I am comfortable with several programming languages (stronger in C#, C, Java than the others) so please feel free to suggest whichever would provide me with a way to read in a (preferably uncompressed) video file and look at the color of each pixel in a frame, for every frame. So what I mean is, say in a 1 pixel display of a trivially small video that runs for 5 frames, are there standard library classes or ways I can access the 5 colors that one pixel will show during the video?

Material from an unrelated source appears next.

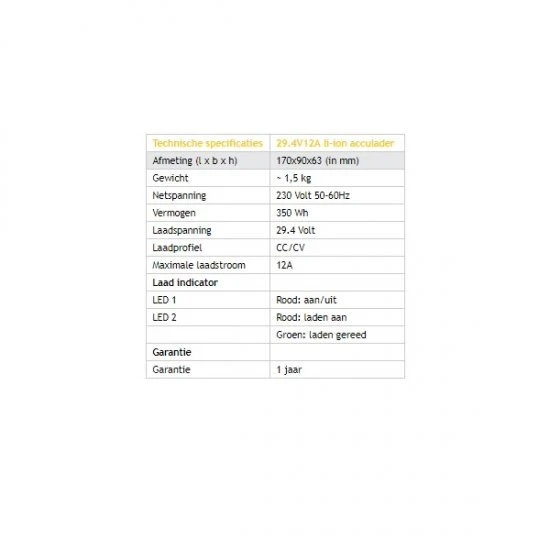 Cargador De Iones De Litio Rebelcell 29.4V 12A 4 Cargador De Iones De Litio Rebelcell 29.4V 12A - Imagen 2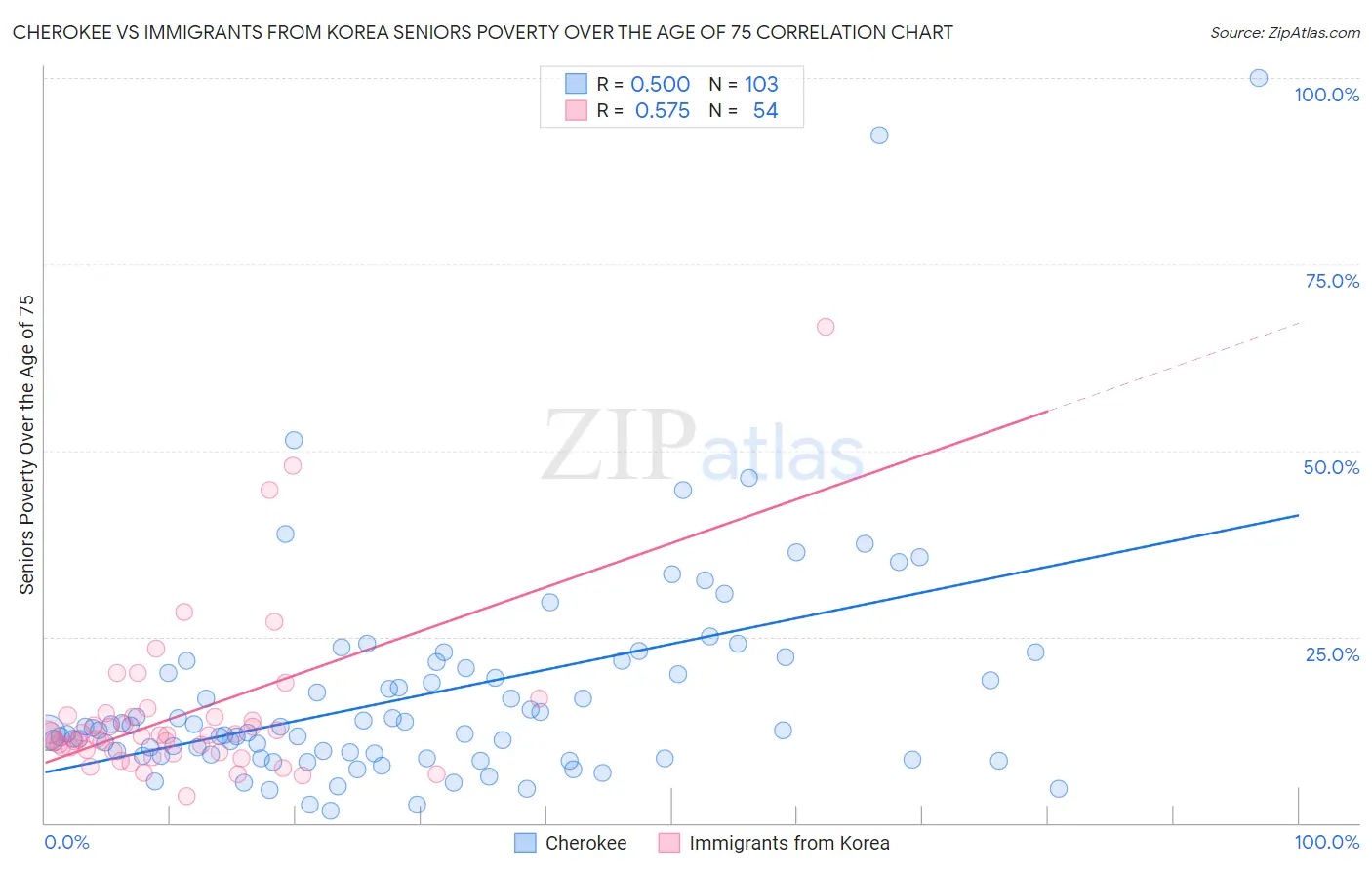 Cherokee vs Immigrants from Korea Seniors Poverty Over the Age of 75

Having never worked with video properly I am not too clued up on the data structure a video file would use to represent the color inform开发者_StackOverflow中文版ation, or how one would manipulate this!
Many thanks
For processing uncompressed video data (as it might come off a camera) you get an array of pixel data per-frame; you probably want to read up about pixel formats and how frames are defined within the array, which will depend entirely on what is producing the video. The YUV444, YUV422 and YUV420 formats are quite common; they're expressed in the YUV colour space but you can readily convert between them and RGB (or indeed HSV) if that's what you want to do.
Compressed video formats are a nightmare unto themselves, but you can decompress them into a raw format with ffmpeg or a similar tool. (Be careful - uncompressed video quickly produces vast quantities of data!) Indeed, I would use ffmpeg's libraries to manipulate video, but they're written in C(C++?) for speed - I don't know whether they're available to java or c#.